- **ACTIVITY**
Exact copies of all the entries below are expected in the answer.

Stored dataset items
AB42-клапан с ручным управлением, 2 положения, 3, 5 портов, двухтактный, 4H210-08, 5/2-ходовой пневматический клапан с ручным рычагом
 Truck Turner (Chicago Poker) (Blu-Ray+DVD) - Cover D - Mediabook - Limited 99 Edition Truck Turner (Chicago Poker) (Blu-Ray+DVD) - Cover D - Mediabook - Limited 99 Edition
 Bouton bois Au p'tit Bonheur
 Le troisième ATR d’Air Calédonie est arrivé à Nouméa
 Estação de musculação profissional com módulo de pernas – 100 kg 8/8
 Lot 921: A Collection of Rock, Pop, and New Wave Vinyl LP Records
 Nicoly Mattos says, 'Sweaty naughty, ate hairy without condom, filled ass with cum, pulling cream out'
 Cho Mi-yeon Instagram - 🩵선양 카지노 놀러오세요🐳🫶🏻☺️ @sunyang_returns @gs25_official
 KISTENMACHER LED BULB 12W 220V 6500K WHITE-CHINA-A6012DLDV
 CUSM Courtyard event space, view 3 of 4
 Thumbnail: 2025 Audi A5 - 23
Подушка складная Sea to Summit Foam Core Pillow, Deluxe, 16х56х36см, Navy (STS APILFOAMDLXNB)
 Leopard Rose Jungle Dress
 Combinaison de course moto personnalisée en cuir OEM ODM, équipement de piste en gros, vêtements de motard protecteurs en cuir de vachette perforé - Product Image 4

- **ANSWER SPACE**
AB42-клапан с ручным управлением, 2 положения, 3, 5 портов, двухтактный, 4H210-08, 5/2-ходовой пневматический клапан с ручным рычагом
 Truck Turner (Chicago Poker) (Blu-Ray+DVD) - Cover D - Mediabook - Limited 99 Edition Truck Turner (Chicago Poker) (Blu-Ray+DVD) - Cover D - Mediabook - Limited 99 Edition
 Bouton bois Au p'tit Bonheur
 Le troisième ATR d’Air Calédonie est arrivé à Nouméa
 Estação de musculação profissional com módulo de pernas – 100 kg 8/8
 Lot 921: A Collection of Rock, Pop, and New Wave Vinyl LP Records
 Nicoly Mattos says, 'Sweaty naughty, ate hairy without condom, filled ass with cum, pulling cream out'
 Cho Mi-yeon Instagram - 🩵선양 카지노 놀러오세요🐳🫶🏻☺️ @sunyang_returns @gs25_official
 KISTENMACHER LED BULB 12W 220V 6500K WHITE-CHINA-A6012DLDV
 CUSM Courtyard event space, view 3 of 4
 Thumbnail: 2025 Audi A5 - 23
Подушка складная Sea to Summit Foam Core Pillow, Deluxe, 16х56х36см, Navy (STS APILFOAMDLXNB)
 Leopard Rose Jungle Dress
 Combinaison de course moto personnalisée en cuir OEM ODM, équipement de piste en gros, vêtements de motard protecteurs en cuir de vachette perforé - Product Image 4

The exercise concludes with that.